* BoE expected to keep QE at 375 bln stg, rates at 0.5 pct
* Economic data too mixed to outweigh inflation worries
* Decision due at 1200 GMT
The Bank of England is likely to withhold fresh monetary stimulus at the start of the new year, with economic news still not bleak enough to trump worries about stubborn inflation.
Last month the BoE voted 8-1 against extending its 375 billion pound ($601 billion) programme of bond purchases, and none of the 60 economists polled by Reuters over the past week expect a policy change after the Monetary Policy Committee concludes its monthly meeting on Thursday.
Interest rates are also forecast to remain at their record-low 0.5 percent until at least July 2014.
"I don't think that we've seen anything to substantially change the MPC's view of the economy," said Barclays economist Chris Crowe. "We are not expecting any change in policy."
Although December surveys of purchasing managers pointed to a 0.2 percent dip in British economic output in the fourth quarter, the latest official data on services, industrial production and construction has been less clear-cut.
Data on Wednesday showed Britain's goods trade deficit did not narrow as much as expected, raising the risk that the economy as a whole slowed in the last quarter.
"I think the best way to describe the economy is fragile but stable and it will remain this way for the next couple of quarters," said Rob Wood, economist at Berenberg Bank.
BoE policymakers will probably wait for more data before reconsidering their views on another cash injection for the economy, analysts said.
There are also early signs that a BoE scheme to increase lending to consumers and businesses is working, easing a problem the central bank blames for holding back the economy and giving the MPC another reason not to announce more stimulus this week.
A BoE survey found banks planned to increase credit supply in early 2013 after a record rise in loan availability late last year, which was helped by the Funding for Lending Scheme.
The central bank said the programme, which provides cheap funding to banks to encourage lending, is unlikely to materially affect lending volumes until early to mid-2013.
The BoE will also keep a close eye on inflation.
MPC member Paul Fisher, after voting with the majority at the last policy meeting, told Reuters he would wait for signs inflation was coming down before calling for more asset-purchasing.
That has not happened yet.
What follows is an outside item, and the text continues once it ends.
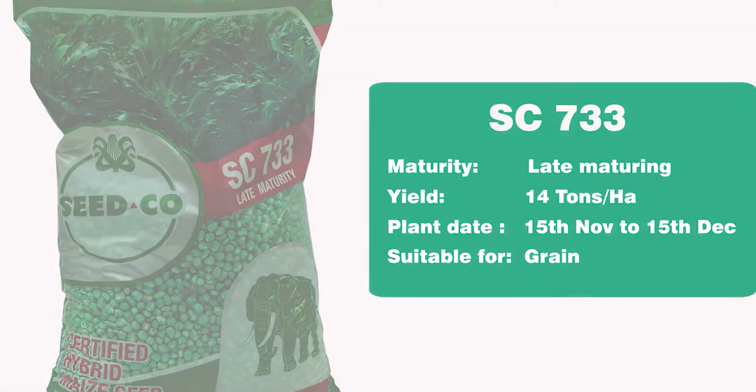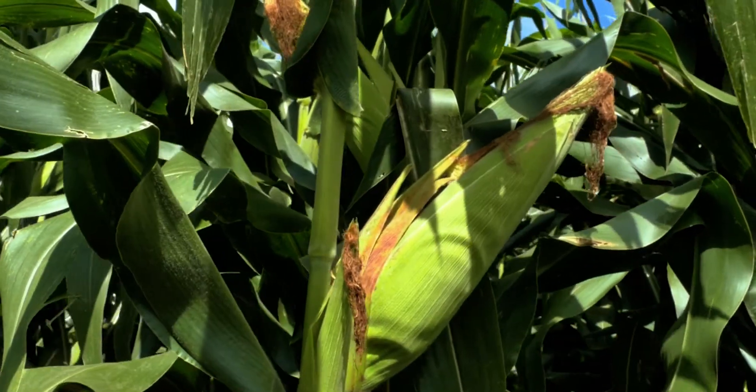SC733 is a newly introduced 700 series variety. It has a yield potential of 12 to 14 metric tons per hectare. It comes with a very good advantage of tolerance to cutworms, making it ideal for the northern half of the country which falls under region 3. It has very good nutrient use efficiency and is very tolerant to a lot of foliar diseases. It's a variety we've introduced to complement the SC719 that we already have in this maturity category.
Inflation defied forecasts in November to hold at 2.7 percent - its highest rate since May and well above the central bank's target of 2 percent.
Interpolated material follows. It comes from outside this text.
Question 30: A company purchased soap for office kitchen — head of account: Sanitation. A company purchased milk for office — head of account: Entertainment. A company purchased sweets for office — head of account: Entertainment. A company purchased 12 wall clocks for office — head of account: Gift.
BoE Governor Mervyn King said last month that the asset purchases completed so far should affect the British economy later in 2013, in a hint he is not in a rush to buy more. He has also warned there is a limit to what monetary policy can do to ease Britain's pain from economic readjustment.
A research paper by MPC member Martin Weale also noted that weak productivity, rather than low demand, may be a greater problem than previously thought, further limiting the scope of asset purchases to boost growth.
But policymakers' stance may change quickly if the economy takes a sharp turn for the worse or external dangers, such as a deterioration in the euro zone crisis, resurface.
For now, the Reuters survey of economists gave only a median 45 percent chance of more QE in 2013.